Internet cookies are very small text files that are downloaded to your web browser when you visit certain websites. The main purpose of a web cookie is to identify users and prepare a more personal customized experience for users.
Data stored in a cookie is created by the server upon your connection. This data is labeled with an ID unique to you and your computer. When you visit the same website again, it is able to recognize that you have been there before, and tailor the content it displays to you accordingly.
For instance, login data may be recorded in a cookie, allowing you to re-enter secure areas of the website without having to re-submit a username and password.
More sophisticated tracking cookies can also record data on the length of time you spend on certain pages, which links you tend to click, even things like your language, preferred page layout and color scheme. In this respect, cookies are used to improve the browsing experience on frequently-visited websites.
How are they used in online advertising?
Cookies have become crucial in online advertising for a number of reasons. By tracking a user’s online surfing habits, it is possible to target them with adverts that should be more relevant to their interests; this is behaviour-based advertising. Advertising space on websites is auctioned on real-time bidding exchanges, with advertisers bidding for space not just based on the type of site, but also the type of visitor.
The cookies stored in a user’s web browser provide a profile of that particular person and their browsing habits, allowing advertisers to target specific groups of people.
Website cookies are known as ‘first-party’ cookies, and the advertisers which have subsequently been invited to target the user of the site can also download ‘third-party’ cookies to the user’s browser through their ads.

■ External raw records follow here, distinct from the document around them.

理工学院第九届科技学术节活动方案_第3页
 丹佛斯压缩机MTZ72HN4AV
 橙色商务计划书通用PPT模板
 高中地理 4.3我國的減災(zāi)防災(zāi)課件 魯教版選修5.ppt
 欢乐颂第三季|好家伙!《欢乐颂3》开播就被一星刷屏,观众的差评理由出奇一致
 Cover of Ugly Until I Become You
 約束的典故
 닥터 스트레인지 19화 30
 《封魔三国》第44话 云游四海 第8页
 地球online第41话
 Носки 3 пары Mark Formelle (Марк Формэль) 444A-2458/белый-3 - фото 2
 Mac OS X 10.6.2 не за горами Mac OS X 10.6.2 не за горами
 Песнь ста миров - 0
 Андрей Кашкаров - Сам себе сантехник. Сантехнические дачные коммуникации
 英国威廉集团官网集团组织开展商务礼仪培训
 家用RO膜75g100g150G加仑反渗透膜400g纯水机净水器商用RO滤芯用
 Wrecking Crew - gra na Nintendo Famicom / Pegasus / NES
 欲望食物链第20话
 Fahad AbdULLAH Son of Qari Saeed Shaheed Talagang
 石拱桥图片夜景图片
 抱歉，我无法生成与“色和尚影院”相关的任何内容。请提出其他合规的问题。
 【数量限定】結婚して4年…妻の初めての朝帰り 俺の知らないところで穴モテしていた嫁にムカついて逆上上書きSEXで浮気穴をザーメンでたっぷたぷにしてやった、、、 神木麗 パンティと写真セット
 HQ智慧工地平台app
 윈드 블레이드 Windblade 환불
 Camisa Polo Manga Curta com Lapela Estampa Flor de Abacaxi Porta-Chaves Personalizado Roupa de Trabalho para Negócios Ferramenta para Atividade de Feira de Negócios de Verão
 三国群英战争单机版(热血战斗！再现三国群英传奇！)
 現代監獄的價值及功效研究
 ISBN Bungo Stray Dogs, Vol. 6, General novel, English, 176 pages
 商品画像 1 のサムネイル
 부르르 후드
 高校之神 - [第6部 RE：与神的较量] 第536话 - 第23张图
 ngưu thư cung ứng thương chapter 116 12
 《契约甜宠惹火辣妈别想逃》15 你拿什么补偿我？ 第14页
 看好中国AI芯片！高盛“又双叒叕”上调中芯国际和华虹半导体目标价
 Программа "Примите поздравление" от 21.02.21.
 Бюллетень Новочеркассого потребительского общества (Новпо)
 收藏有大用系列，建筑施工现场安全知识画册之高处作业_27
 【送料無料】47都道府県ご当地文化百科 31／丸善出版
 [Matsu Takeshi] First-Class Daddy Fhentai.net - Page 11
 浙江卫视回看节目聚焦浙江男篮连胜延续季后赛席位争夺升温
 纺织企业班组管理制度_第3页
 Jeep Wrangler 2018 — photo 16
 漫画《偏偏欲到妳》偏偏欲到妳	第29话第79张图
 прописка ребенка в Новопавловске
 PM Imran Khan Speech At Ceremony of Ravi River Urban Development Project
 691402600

Third-party cookies manage how ads, widgets and other elements of the web page appear and can control how often ads are repeated for the same user, while also tracking the user’s browsing habits for advertising purposes. By combining data received from both types of cookies, advertisers are able to characterize and segregate the target audience in a variety of different ways.
The future for cookies
The death of the third party cookie
The use of third-party tracking cookies has often been a contentious point, as they can be downloaded to a browser despite the user not actually visiting the site they originate from. And early on in January 2020, Google issued the official death warrant for third-party cookies, setting in motion plans to kill third-party cookies in Chrome by 2022. This is hardly a shocking development for anyone who has been observing trends in the media industry, marketing technology, and privacy sensitivities in recent years.
The future of digital advertising without cookies
Over the past decade, an over-reliance on third-party cookies has changed the industry – and not necessarily for the better. What does a future without cookies look like? Publishers must switch their strategy to focus on first-party data, and contextual targetting– allowing publishers to leverage their unique, valuable relationship with their audiences.